Hey, y'all! It's week two of Food Network Star and it's gonna get ugly!

The first thing we see is Melissa still reeling from being in the bottom three last week, insisting that won't happen again. Be careful what you wish for...

The contestants are given the task of creating a one-minute food travelogue report. They are told to pair off and Erin grabs Martita. For some reason Melissa is all over Ana, who doesn't understand the attraction (her point: "It's just that we like different things"). The other pairings are Rob and Aaron (the bromance is still going strong), Monterey and Jernard, Yaku and Tregaye, and Joy and Damiano.

They are dispatched to Downtown L.A.'s famous Grand Central Market to try out some food and shoot their spots. And they have thirty minutes to get it all done.

Yaku and Tregaye arrive at the Belcampo Meat Company, where Tregaye promises we're going to see "the real Tregaye". But when they try to shoot their spot Yaku can't stop stumbling over his script. Suddenly, they're down to their last two minutes and Tregaye is worried.

Aaron and Rob draw Wexler's Deli and they're in bro hog heaven. Rob: "I really love Aaron. It's like I adopted a five year old hyperactive kid." The guy behind Wexler's counter is a meat guy, and Aaron makes sure the dude knows he's in the presence of a kindred spirit. They have great chemistry on camera, but use up their whole minute talking about the food without actually eating any it. They decide the spot is good enough and opt not to redo it.

Monterey and Jernard head to Olio GCM Wood Fired Pizzeria. They love the food but Jernard is concerned that Monterey's energy will outshine him. He deals with this by bellowing his lines. Monterey is trying to figure out how to diplomatically ask him to tone it down, but admits diplomacy isn't one of her strong suits.

Ana and Melissa arrive at the falafel shop Madcapra and things are looking up. They seem to have found culinary common ground in Madcapra's food. Ana: "We finally found something..." Melissa: "...for both of us!" However, they're just not meshing on camera and stumble through their spot. Melissa's insistence on using the line, "We both falafell  in love with Madcapra," isn't helping.

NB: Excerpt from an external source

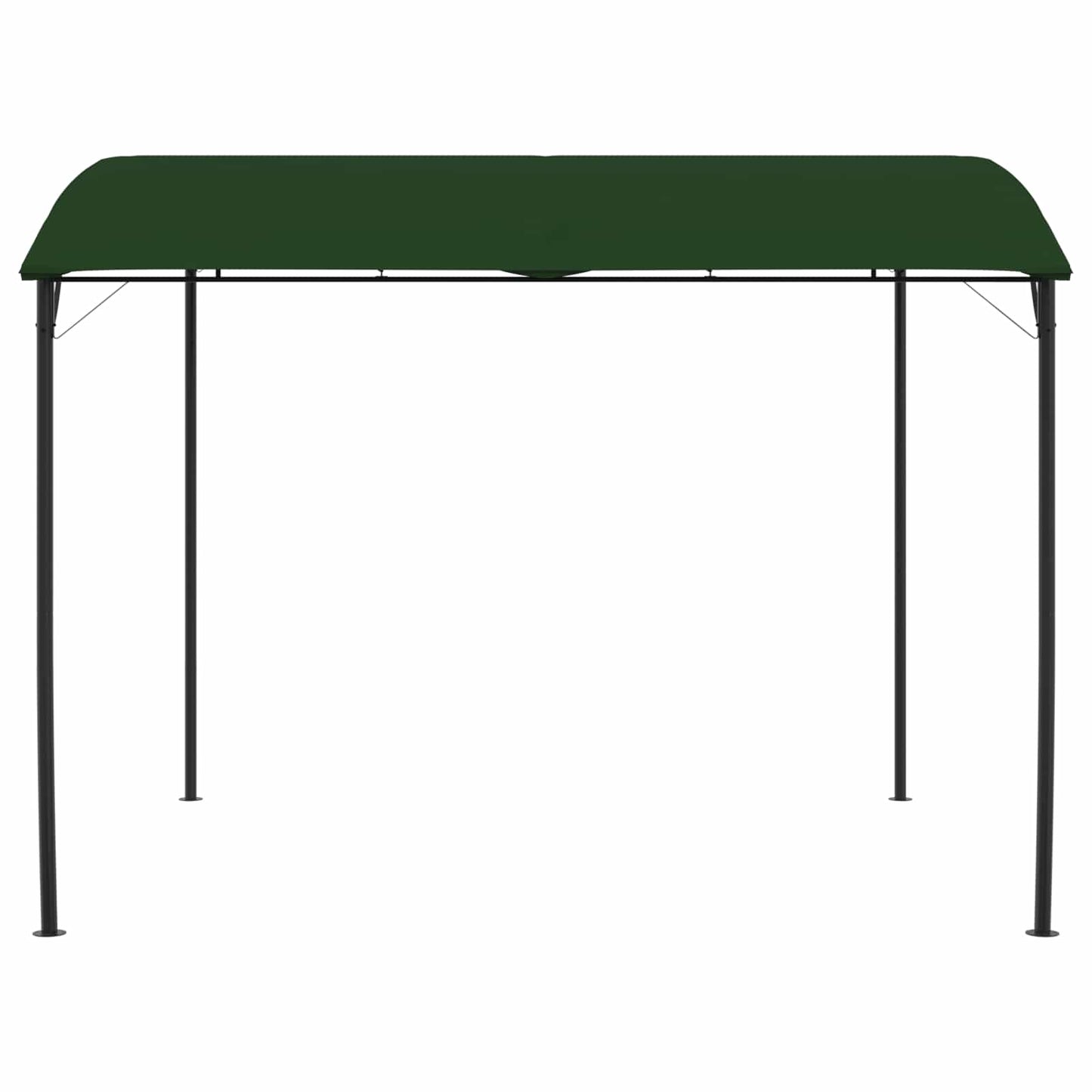 Pavilon 3 x 3 x 2,55 m Zöld Porszórt acél és szövet 180 gsm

Southern belle Joy and Italian stallion Damiano have drawn the Mexican seafood joint La Tostaderia. Luckily they're comfortable with the assignment. Joy: "We both love seafood, we both love Mexican food, we both have very distinctive I'm told." They're cute as heck together, but keep stumbling over words. Will they run out of time?

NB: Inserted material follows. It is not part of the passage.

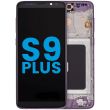 LCD Display mit Rahmen (ohne Fingerabdruck Sensor) für Galaxy S9 Plus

Erin and Martita descend on Sticky Rice and its gorgeous Thai food. They're having a blast with each other and the food, so much so that they lose track of time and don't even start filming their spot until they only have three minutes left. That's cutting it close.

After commercial break, we're introduced to our guest judge, actress and Food Channel "star" Hayley Duff. Can't this show get any real chefs to guest judge? Too busy doing real chef stuff, probably. Hayley apparently has a new show, a culinary travelogue, which is how they tie her presence to this particular challenge. Do it with a real chef and I'll be impressed.

Joy and Damiano's spot is screened first and it's a hit. The ending is awesome - Joy: "Ciao." Damiano, waving: "See y'all!" Hayley's expert contribution: "You guys are very cute together." Alton Brown, you are safe.

Tregaye and Yaku stumble out of the gate. Because he was having so much trouble with his lines, Yaku has decided he shouldn't talk so much. Or at all. Tregaye does most of the talking, especially about Belcampo's deep fried broccoli (it's a meat company, remember?) They wrap by pretending to be exhausted from eating so much good food and Yaku (all 6'9" of him) carries Tregaye offscreen. I think it was supposed to be cute, but it fell flat. Giada to Yaku: "You didn't tell us what you ordered or what it tasted like." Bobby hammers the broccoli thing, pointing out that he didn't learn much about the burger, one of the things Belcampo is known for. Hayley says she thinks they did a great job describing the food. Did she even hear what Giada and Bobby just said? Marcus Samuelsson, you live to appear on Food Network another day.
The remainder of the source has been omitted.